§ **Material to process**:
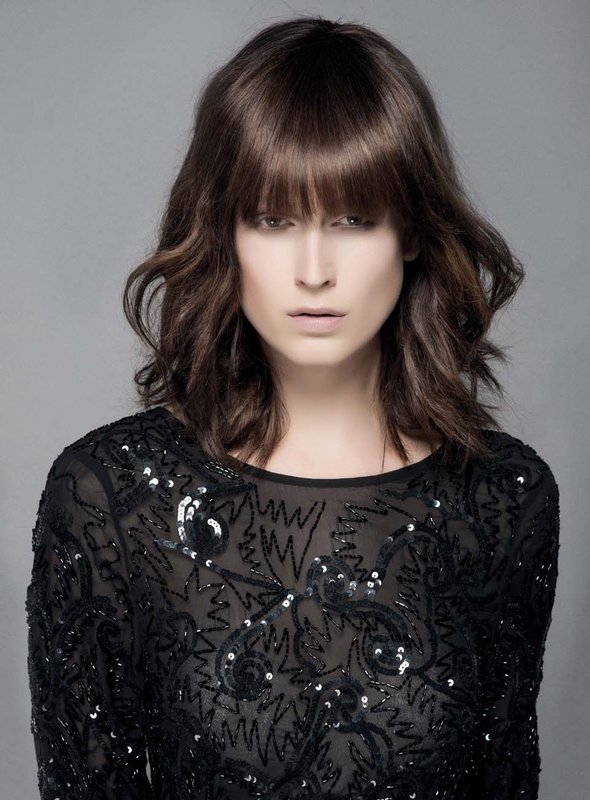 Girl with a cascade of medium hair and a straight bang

--

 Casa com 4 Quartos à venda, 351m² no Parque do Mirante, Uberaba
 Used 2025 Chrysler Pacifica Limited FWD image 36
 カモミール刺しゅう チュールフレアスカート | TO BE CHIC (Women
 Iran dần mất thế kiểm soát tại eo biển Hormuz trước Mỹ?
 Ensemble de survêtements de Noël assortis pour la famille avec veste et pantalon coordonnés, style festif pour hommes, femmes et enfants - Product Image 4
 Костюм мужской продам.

--

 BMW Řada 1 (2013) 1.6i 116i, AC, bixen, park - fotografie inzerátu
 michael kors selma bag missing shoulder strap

§ **Exercise goal**: Beginning with the line above that contains "Ensemble de survêtements", copy each line exactly up to and including the line that contains "Костюм мужской продам.", and go no further.

§ **Output**:
 Ensemble de survêtements de Noël assortis pour la famille avec veste et pantalon coordonnés, style festif pour hommes, femmes et enfants - Product Image 4
 Костюм мужской продам.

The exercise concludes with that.